Başkent Paris'in Republique Meydanı'nda 23 Kasım'da barınmaya çalışan sığınmacıların polis tarafından tahliyesi edilmesinin doğru olduğunu savunan Macron, sığınmacıların tahliye edildikten sonra barınacağı yerlere yerleştirildiğini söyledi.
Macron, tahliye sırasında polislerin "hatalı" davranışlarda bulunduğunu, bunun haklı gerekçesi olamayacağını belirtti.
Polisin topluma örnek olması gerektiğini ifade eden Macron, Paris'te geçen hafta tartışmalı güvenlik yasa tasarısına karşı yapılan protesto eyleminde polise yönelik şiddetin de kabul edilemez olduğunu aktardı.
Macron, "Şiddete başvuran polisler var.

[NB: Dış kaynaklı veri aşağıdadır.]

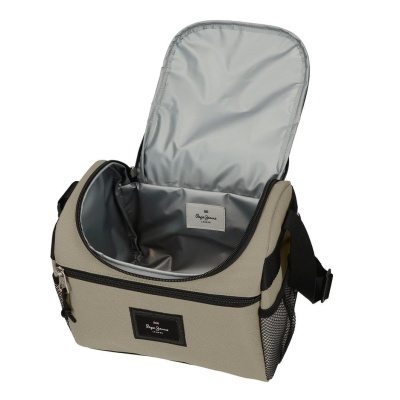 Bolsa térmica bege com interior cinzento e fecho de zíper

Bunun cezalandırılması gerekiyor. Fransa'da toplumda da şiddet ve ırkçılık var. Bu bir gerçek." ifadesini kullandı.
Hazirandan itibaren görev sırasında polisin üzerlerinde kamera bulunduracağını vurgulayan Macron, ayrımcılıkla mücadele için gelecek aydan itibaren bir platformun oluşturulacağını, böylece ayrımcılığa uğrayan kişilerin şikayette bulunabileceğini kaydetti.

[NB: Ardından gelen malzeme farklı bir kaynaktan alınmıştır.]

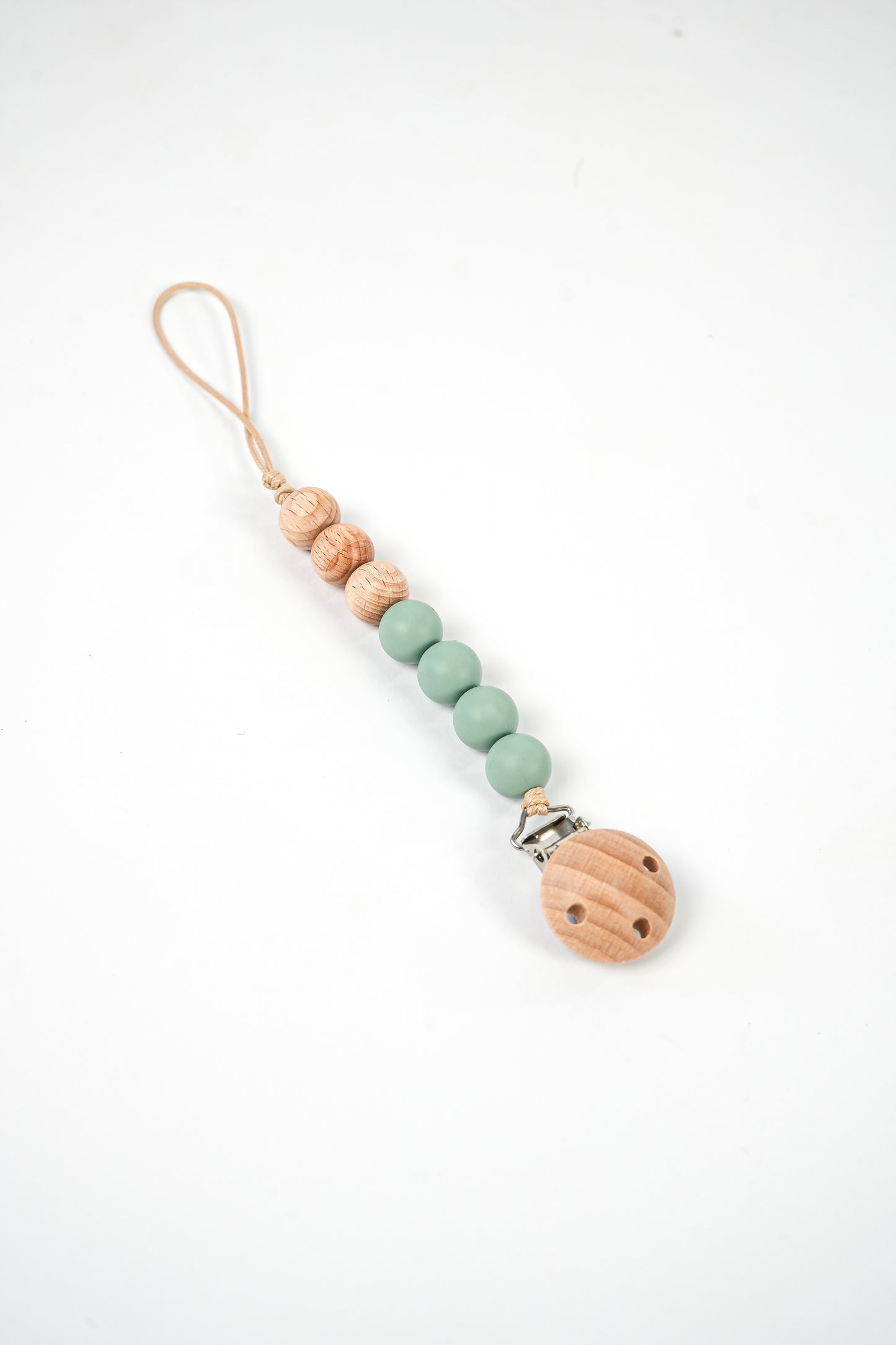 Emerald Baby pacifier clip wooden beads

Macron, ayrımcılıkla mücadele konusunda verdiği taahhütlerini yerine getiremediğini itiraf etti.
"Ten rengi beyaz olmayan kişilerin (polis tarafından) daha fazla kontrol edildiği doğru." diyen Macron, Paris'te polisin Afrika kökenli müzik yapımcısını şiddet uygulamasının kabul edilemez olduğunu vurguladı.
Güvenlik yasa tasarısı
Güvenlik yasa tasarısının 24. maddesine değinen Macron, gazetecilerin ve vatandaşların görevde olan polis ve jandarmanın görüntülerini çekebileceğini ve yayımlayabileceğini belirterek, "(Görüntülerin yayımlanması) Fransa'da yasaklanırsa (örneğin) Belçika veya İtalya'dan yayımlanır. Gerçek bu." dedi.

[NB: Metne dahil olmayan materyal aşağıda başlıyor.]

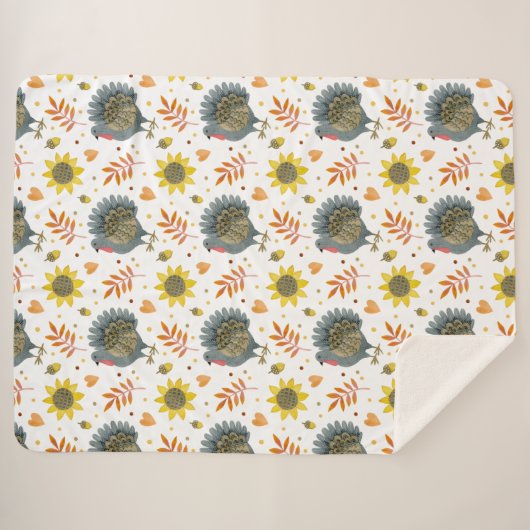 Folk Art Turkeys Sherpa Deken (Voorkant (horizontaal))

Macron, söz konusu maddenin polisi korumayı hedeflediğini aktardı.
Son dönemde uluslararası basında kendisine yönelik yapılan eleştirileri önemsediğini belirten Macron, bu yasa tasarısı hakkında basında yanlış bilgilerin paylaşıldığını savundu.
Macron, ülkesinin gösteri ve basın özgürlüğünü riske atmadığını kaydetti.
"Bugün durum tatmin edici değil. Ama Fransa'yı otoriter bir devlet yapan şey bu değil. Macaristan ya da Türkiye değiliz." ifadesini kullanan Macron, ülkede özgürlüklerin sınırlandırılmadığını savundu.
Macron, gazetecinin Cumhurbaşkanı Recep Tayyip Erdoğan'ın "Macron ile Fransa çok çok tehlikeli bir dönemi yaşıyor. Temennim odur ki bir an önce Macron belasından Fransa kurtulsun." şeklindeki açıklamasına ilişkin soru üzerine, "Kişileri doğrudan hedef alan açıklamalara cevap vermiyorum." dedi.
Fransa'nın yurt dışında eleştirildiğini kaydeden Macron, "Yakın dönemde bizim kadar ifade özgürlüğünü savunan ülke olmadı." ifadesini kullandı.
Macron, İslam karşıtı tutumunu eleştiren İngiliz basınına tepki gösterdi.
Macron, "Erdoğan'ın Türkiye'sine karşı ifade özgürlüğünü yeteri kadar savunmadık. Erdoğan'ı ve hükümeti halkında ayırıyorum. Türk halkı, büyük özgürlük halkıdır." değerlendirmesinde bulundu.
Emmanuel Macron, ülkede "İslamcı ideolojiyle" mücadele etmek istediklerini savundu.
Macron, tarihçi Benjamin Stora'nın "sömürge tarihi ve Cezayir Savaşı" ile ilgili araştırma yaptığı ve bu çalışmaların tamamlanması gerektiğini belirtti.
"Fransa'nın İslam'la sorunu yok"
Bazı ailelerin Arapçayı bilmesinin Fransa için bir şans olduğunu ifade eden Macron, "Fransa'nın İslam'la sorunu yok. Fransa'nın İslam'la uzun ilişki bulunuyor. Kur'an'ı ilk tercüme eden ülkelerdeniz." dedi.
Macron, ülkesinin siyaset ile dini birbirinden ayırdığını ve dünyada birçok ülkenin bunu anlamadığını savundu.
Ülkede tüm dinlerin eleştirilebileceğini belirten Macron, ülkede Hristiyanlığın İslam'dan daha çok eleştirildiğini iddia etti.